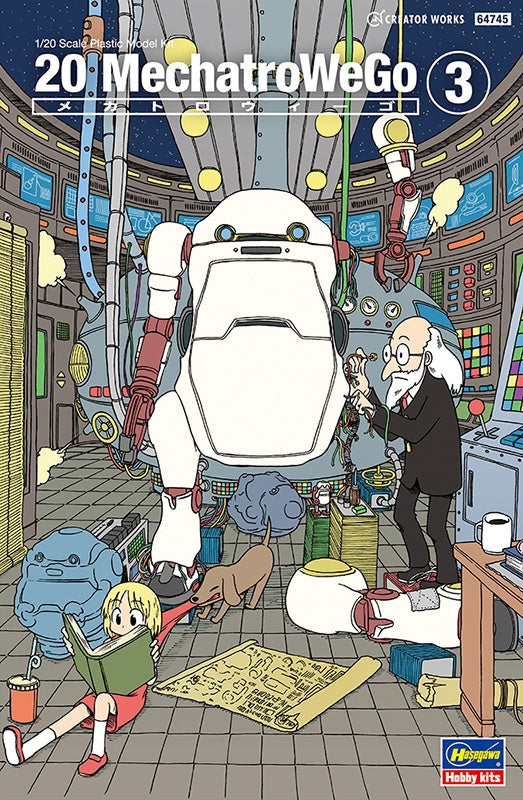 20 MechatroWeGo No.03 Retro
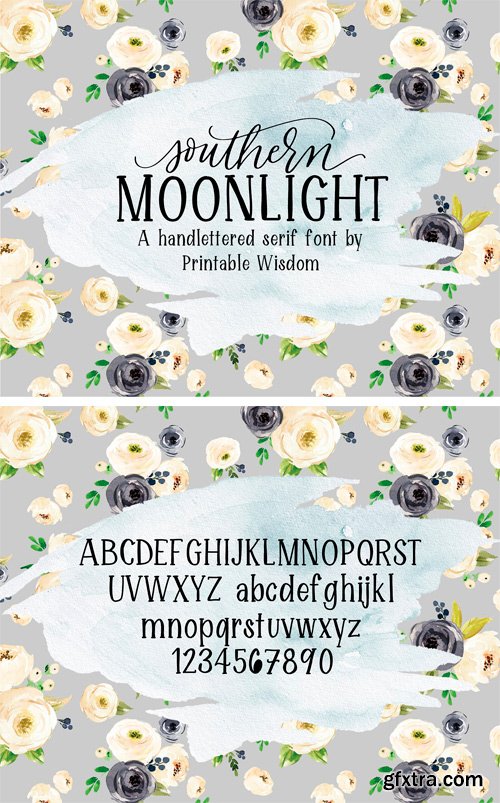 CM - Southern Moonlight Font 1709675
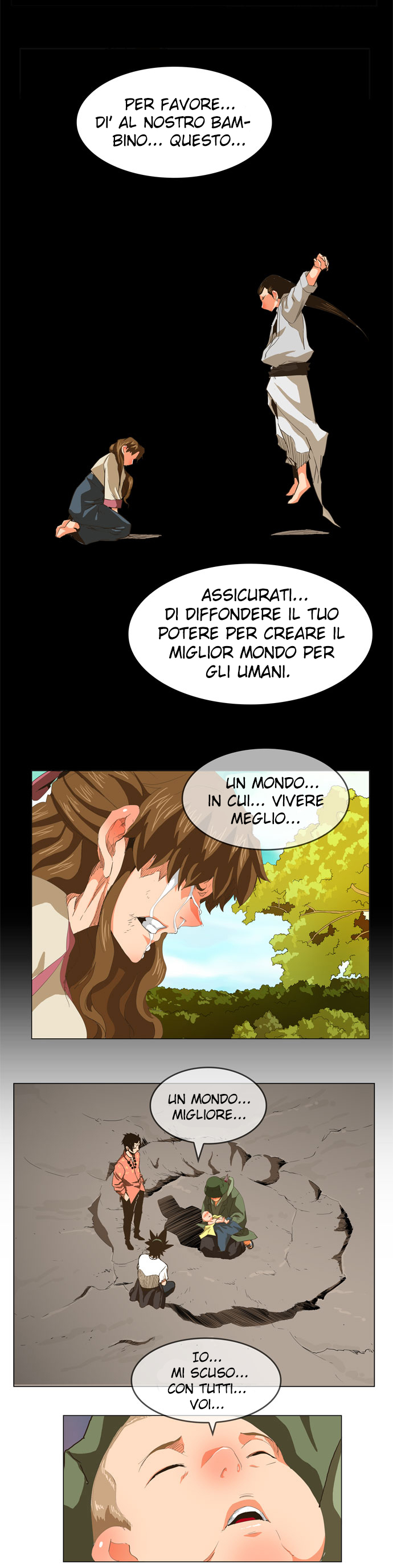 Read The God of High School IT Manga Online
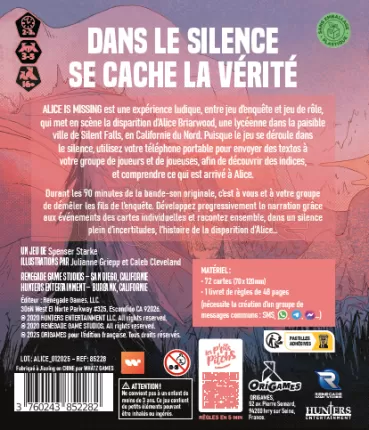 Photo de Jeu - Alice is Missing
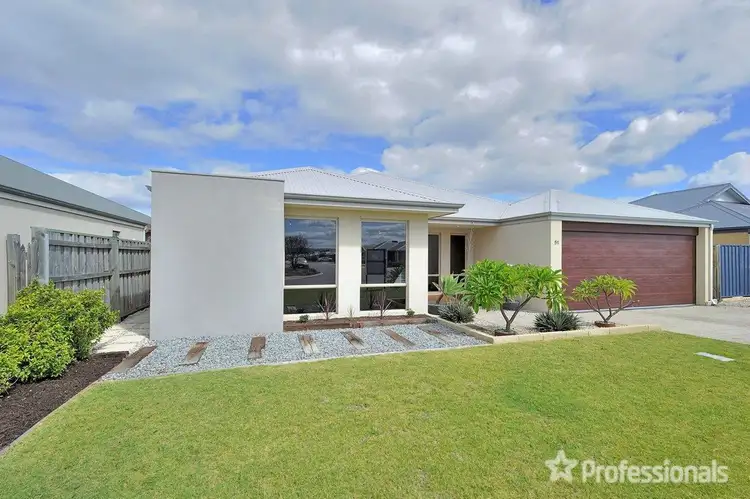 Second view of Homely house listing, 51 Hawthornden Avenue, Ellenbrook WA 6069
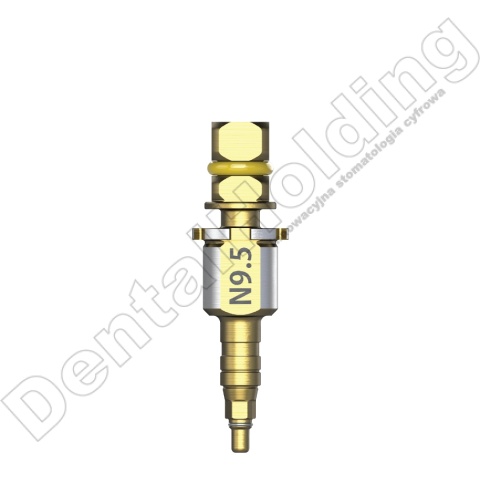 Przenośnik implantów Narrow Pylon do raczety (Stopper) 9,5mm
- - - - - - -
▸ Exercise aim
Repeat the listing above word for word, omitting the pictures.

▸ Output for this exercise
 20 MechatroWeGo No.03 Retro
 CM - Southern Moonlight Font 1709675
 Read The God of High School IT Manga Online
 Photo de Jeu - Alice is Missing
 Second view of Homely house listing, 51 Hawthornden Avenue, Ellenbrook WA 6069
 Przenośnik implantów Narrow Pylon do raczety (Stopper) 9,5mm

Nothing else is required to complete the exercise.